The Screwtape Letters C. S. Lewis

Author Biography:

C. S. Lewis was a writer and Christian supporter. He was born on November 29, 1898, in Belfast, Ireland. He taught at Oxford University and soon became an apologist author and used a line of reasoning to support his Christian faith. He is most recognized for his fiction series The Chronicles of Narnia. All of the books C. S. Lewis wrote were very successful.

Genre, Theme, and Setting

The Screwtape Letter is a Christian apologetic, fiction novel. The time is now. This takes place in Hell and World War II. Each letter he writes is about a week apart. The theme of this entire book is temptation. There are two demons that try to destroy a man (the patient) and get him as far away from God as possible.

Brief Summary

Screwtape is a senior devil and woodworm is his nephew and he is a younger demon. Screwtape writes 31 letters to his nephew and has been assigned to darken the life of a human known as a "patient". The letters he writes is advice on how to influence the patient.

Characters

Screwtape is a very accomplished devil who writes to his nephew, giving abundant advice on the best ways to deprave human beings.
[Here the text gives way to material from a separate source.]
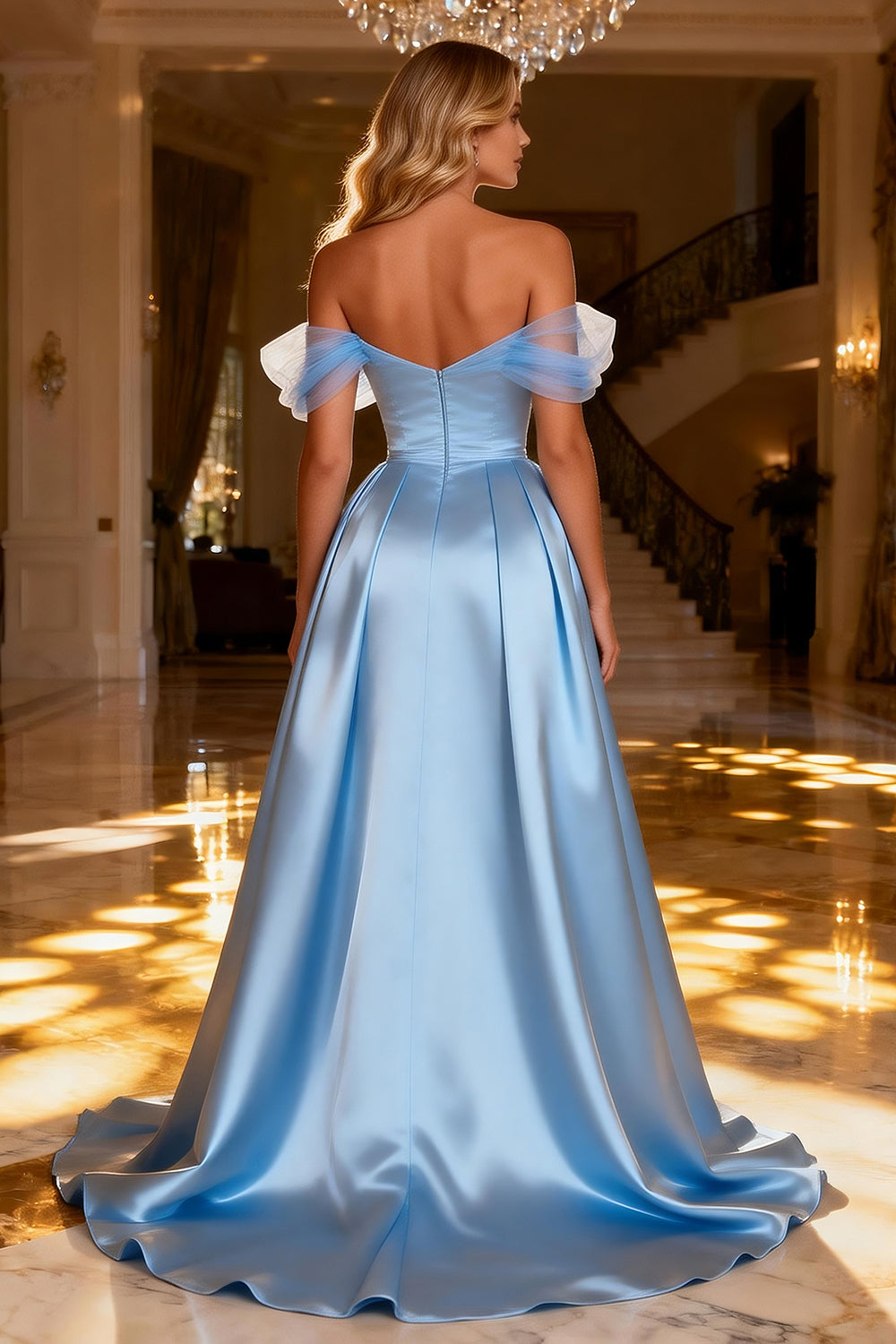 Zapakasa Women Sparkly Sky Blue Satin Long Prom Dress with Cape Beaded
He has successfully corrupted millions of lives, convincing them to embrace sin and thereby giving them eternal punishment in Hell. He struggles to understand God's love for mankind. He believes the only goal in life is to compete with others for power and wealth. But towards the end of the novel, he expresses his deep crave of wanting to understand God's love, and accept Christianity.

Woodworm is never actually heard from in the book because we hear about his experiences through Screwtape. He is known as a younger demon who often fails to corrupt the patient. Woodworm doesn't know of the various basic strategies that more acknowledged devils like Screwtape use to take people away from going down the Christian path. He demonstrates himself to be disloyal, unfaithful individual, wanting to report his uncle for conjecture on the nature of God's love.

Conflict and Resolution

Through out the novel is numerous letters Screwtape has written to his nephew, Woodworm, to help temp a young man, the patient, to sin and fall far from God. Screwtape tries to help him on how to prevent the patient from accepting Christianity. He gets him to focus on ugliness and the negative things of his friends and family and tries to ruin the good things in his life. At the end of the book, Screwtape confesses that he is sometimes saddened that he doesn't know what occurs in heaven because devils aren't allowed there. The one thing that sustains him is the comprehension that the devils' realism will ultimately conquer God's love.

Book Evaluation

I loved this book but it was definitely gives you a punch in the gut! It shows you some things you would rather not see, but it also shows how the darkness tries to take our joy away. Lewis forces us to look at the human world through the eyes of a devil. I recommend this book to Christians who aren't afraid of the truth. It is a real eye opener! In a good way though.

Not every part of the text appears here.